IS THE IRANIAN OIL BOURSE A CAUSE FOR WAR?
By F. William Engdahl
[This article published in: Zeit-Fragen No.7, 2/13/2006 is translated from the German on the World Wide Web, http://www.zeit-fragen.ch/.]
Important discussions can be found on the Internet suggesting that the imminent opening of the Teheran oil bourse expected in March 2006 could be the true reason for Washington's preparations of a military strike against Iran. When sellers can trade in other currencies than the US dollar - according to the argument -, the US dollar, the financial pillar of the American empire, will collapse along with the global hegemony of the United States. While it may seem convincing, this argument has weak spots. The only currency that could endanger the dollar as the preferred currency of the world oil trade is the euro.
For the sake of argument, let us assume that China, Japan, India, East Asia and the countries of the EU would be ready to trade oil in euros, as Saddam Hussein did from November 2000 with the Iraqi oil-for-food program, then trade with the limited supply of euros on the international finance markets would soon end in a cul-de-sac. The limit lies here with the European Central Bank (EZB) and the Maastricht treaty. The EZB is committed to this Maastricht to strictly limit circulation in euros, to enforce a discipline in state indebtedness and restrict new indebtedness by the governments. As long as this continues with the EZB, no serious challenge exists for the role of the dollar.
Still the matter is even more complex. The role of the dollar as the reserve currency for world trade and the central banks has a political nature. It is a political decision of the Japanese to partly support the US dollar as a return favor for the defensive nuclear shield from the US. This is also true for Saudi Arabia.
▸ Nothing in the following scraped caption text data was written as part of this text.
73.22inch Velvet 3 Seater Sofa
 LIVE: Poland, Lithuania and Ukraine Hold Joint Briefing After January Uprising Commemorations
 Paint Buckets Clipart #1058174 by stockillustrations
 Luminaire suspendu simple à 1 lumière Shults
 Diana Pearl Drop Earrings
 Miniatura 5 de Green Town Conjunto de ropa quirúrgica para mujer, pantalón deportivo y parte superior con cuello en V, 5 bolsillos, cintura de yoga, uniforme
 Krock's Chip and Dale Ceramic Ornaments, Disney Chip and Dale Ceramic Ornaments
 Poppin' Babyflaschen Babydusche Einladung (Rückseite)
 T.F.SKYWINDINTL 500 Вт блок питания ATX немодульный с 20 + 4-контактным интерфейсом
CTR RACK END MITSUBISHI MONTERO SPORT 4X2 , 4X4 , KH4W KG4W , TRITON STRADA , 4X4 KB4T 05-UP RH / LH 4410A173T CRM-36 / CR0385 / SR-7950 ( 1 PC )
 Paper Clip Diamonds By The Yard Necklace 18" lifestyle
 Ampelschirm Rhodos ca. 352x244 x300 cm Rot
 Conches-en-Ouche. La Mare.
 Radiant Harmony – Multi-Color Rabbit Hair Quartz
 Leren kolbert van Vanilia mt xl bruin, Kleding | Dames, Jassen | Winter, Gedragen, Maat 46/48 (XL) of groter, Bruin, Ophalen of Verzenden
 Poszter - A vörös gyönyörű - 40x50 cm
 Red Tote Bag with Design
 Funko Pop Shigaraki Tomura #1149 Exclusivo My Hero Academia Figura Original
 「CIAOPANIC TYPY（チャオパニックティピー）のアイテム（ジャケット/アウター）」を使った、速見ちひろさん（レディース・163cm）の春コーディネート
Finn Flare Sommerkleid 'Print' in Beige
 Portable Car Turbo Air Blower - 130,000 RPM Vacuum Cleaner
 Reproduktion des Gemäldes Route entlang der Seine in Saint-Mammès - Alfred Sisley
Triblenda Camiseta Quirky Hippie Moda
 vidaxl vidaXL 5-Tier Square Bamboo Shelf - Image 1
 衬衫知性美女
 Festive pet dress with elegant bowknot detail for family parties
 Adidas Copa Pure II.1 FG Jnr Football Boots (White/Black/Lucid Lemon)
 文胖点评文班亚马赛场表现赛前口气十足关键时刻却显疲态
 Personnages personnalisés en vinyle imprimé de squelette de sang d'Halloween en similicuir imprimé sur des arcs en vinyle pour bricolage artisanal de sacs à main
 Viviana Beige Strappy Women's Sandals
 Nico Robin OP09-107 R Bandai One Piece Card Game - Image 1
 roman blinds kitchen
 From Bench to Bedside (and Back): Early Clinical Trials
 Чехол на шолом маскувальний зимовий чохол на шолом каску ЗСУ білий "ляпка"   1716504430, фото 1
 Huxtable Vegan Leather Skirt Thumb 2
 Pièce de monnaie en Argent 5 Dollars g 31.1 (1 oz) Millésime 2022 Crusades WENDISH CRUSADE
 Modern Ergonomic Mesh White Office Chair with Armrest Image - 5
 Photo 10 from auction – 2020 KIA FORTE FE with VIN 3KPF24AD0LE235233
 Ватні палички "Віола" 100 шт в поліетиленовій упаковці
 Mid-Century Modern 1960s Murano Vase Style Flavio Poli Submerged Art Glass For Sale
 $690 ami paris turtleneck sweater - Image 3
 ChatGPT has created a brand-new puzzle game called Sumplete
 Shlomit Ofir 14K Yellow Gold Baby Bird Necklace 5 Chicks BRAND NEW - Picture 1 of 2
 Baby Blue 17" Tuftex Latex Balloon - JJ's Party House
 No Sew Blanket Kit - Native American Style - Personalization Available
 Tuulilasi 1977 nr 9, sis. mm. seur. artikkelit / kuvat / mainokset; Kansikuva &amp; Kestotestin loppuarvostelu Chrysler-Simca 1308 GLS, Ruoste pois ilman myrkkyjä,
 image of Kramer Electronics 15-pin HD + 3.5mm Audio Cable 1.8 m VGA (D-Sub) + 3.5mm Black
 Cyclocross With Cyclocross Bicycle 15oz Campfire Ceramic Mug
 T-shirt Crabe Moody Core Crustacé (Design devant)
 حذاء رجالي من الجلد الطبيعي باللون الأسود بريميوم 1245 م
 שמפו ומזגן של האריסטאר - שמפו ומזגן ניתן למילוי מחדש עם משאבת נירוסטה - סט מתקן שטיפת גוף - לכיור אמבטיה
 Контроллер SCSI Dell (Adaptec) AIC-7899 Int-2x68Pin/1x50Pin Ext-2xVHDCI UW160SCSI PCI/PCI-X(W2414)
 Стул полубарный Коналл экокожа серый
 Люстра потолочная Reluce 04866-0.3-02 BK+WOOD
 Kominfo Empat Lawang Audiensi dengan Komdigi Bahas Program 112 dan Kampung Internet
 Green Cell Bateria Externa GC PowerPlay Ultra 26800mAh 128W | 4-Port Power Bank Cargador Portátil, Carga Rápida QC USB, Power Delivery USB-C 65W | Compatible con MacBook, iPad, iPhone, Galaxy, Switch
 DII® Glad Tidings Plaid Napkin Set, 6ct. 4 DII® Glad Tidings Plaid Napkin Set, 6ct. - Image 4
The governments and economic leaders of the European Union are so closely entwined in a net of dependencies that they fear anything that could turn against Washington or the dollar.
The man who served Teheran as a private advisor in establishing the oil bourse is Chris Cook, former director of the London International Petroleum Exchange (IPE). In a column that recently appeared in the "Asia Times," Cook describes his role since 2001. He tried to convince the authorities in Teheran that as local oil bourse - trading the local crude oil from the Persian Gulf - could free Iran and other OPEC states from the manipulation of the oil price by mammoth investment banks in New York and Europe since these banks use financial derivatives and other means to make immense profits on paper.
"The denomination of oil sales is a pure transaction affair. What counts is in what assets (or in the case of the United States, in what debts) these revenues are then invested," Cook emphasizes. The backgrounds on whose basis Washington could attack or not attack Iran are more important. In the present situation, the oil bourse represents a symbolic manifestation of Iran's desire to be less dependent on a US-dominated dollar-world, no more.